The DRY fallacy

One of the very first principles I’ve heard of when I started with programming was the famous Don’t Repeat Yourself principle. From the very first moments, I believed this is a cornerstone of being a real programmer - where some of my programming fellows used copy-paste, I took great pride in doing it “the programmer’s way”: reuse as much code as I could by trying to never ever write the same code twice.

Quite a few years further down in my career, I casually suggested to my colleague in a code review to remove a minor duplicity, to which my colleague reacted: “I don’t think it’s necessary - sometimes it’s completely fine not to follow DRY”. I was shocked. How could anyone question the importance of following DRY? I didn’t have any arguments up my sleeve at that time, just accepted the pull request and moved on.
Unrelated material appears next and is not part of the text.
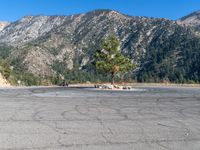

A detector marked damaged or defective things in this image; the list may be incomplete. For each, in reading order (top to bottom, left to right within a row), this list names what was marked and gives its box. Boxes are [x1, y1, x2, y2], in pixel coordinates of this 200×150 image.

cracked asphalt [0, 86, 200, 149]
But the idea didn’t leave me. I always try doing the best I can, so this shook my confidence; if following DRY is not always the best, am I actually doing the best? And for the first time, I thought a bit more of what is actually so important about DRY.

What I concluded back then was pretty close to what I still think about it today: When making a change in your code, you shouldn’t need to start searching your codebase for similar usecases to also be changed manually. In the words of Sandi Metz from her wonderful book Practical Object-Oriented Design:

DRY code tolerates change because any change in behavior can be made by changing code in just one place.

This is eye-opening: we don’t try to avoid duplication just because; we’re doing it to prevent a maintenance nightmare.

But to really make the most of this principle, we must focus on something that can often slip away from the equation when thinking about what DRY means. It can be almost too subtle for junior programmers to grasp: When two pieces of code look the same, it does not necessarily mean they are duplicated. In other words, if we’re overly fixated on the “looks” of the code and not the real-world business logic the code represents, we might let the code take the center stage, letting it obfuscate the underlying behavior - all of that in good faith that we’re actually helping the app become more maintainable.

Another important lesson I learned: Abstraction, most often probably introducing a parent class, is not a tool for code deduplication. This also sounds counterintuitive at first: “But that’s exactly what happens when you introduce it, no?” Yes, but it is a byproduct, not the goal. The abstraction in its core is primarily about describing one particular concept, not multiple concepts that look the same on the outside but are in fact different. This is well described by the AHA principle - Avoid Hasty Abstractions. The principle argues that introducing abstraction too early can actually bring more bad than good, because what might seem to be the same concept when we’re starting with the project, can later turn out to be two similar-looking but unrelated concepts once we get to understand our problem domain more. Its advice: wait until you’re repeating the code for the third time, by then it can already get clear enough if it’s really the same thing.

I’ll conclude with a bit unrelated tidbit which was also interesting for me in regards to my understanding of abstractions. I introduced a decent abstract class with three child classes and asked my colleague how to best write the test for the resulting code, while benefitting from having the code deduplicated in the parent class. The colleague explained to me that I should write three separate tests, one for each of the child classes, and ignore the fact that some parent class exists. The reason: the abstraction was an implementation detail, the parent class itself did not represent some separate entity in the real world. If in the future I’d need to rewrite those classes using different abstractions, the tests would fall apart even if the behavior they tested stayed the same. So this turned out to be my overzealousness to have everything as DRY as possible.

My takeaway: DRY should be a side effect of writing good code, but never the goal.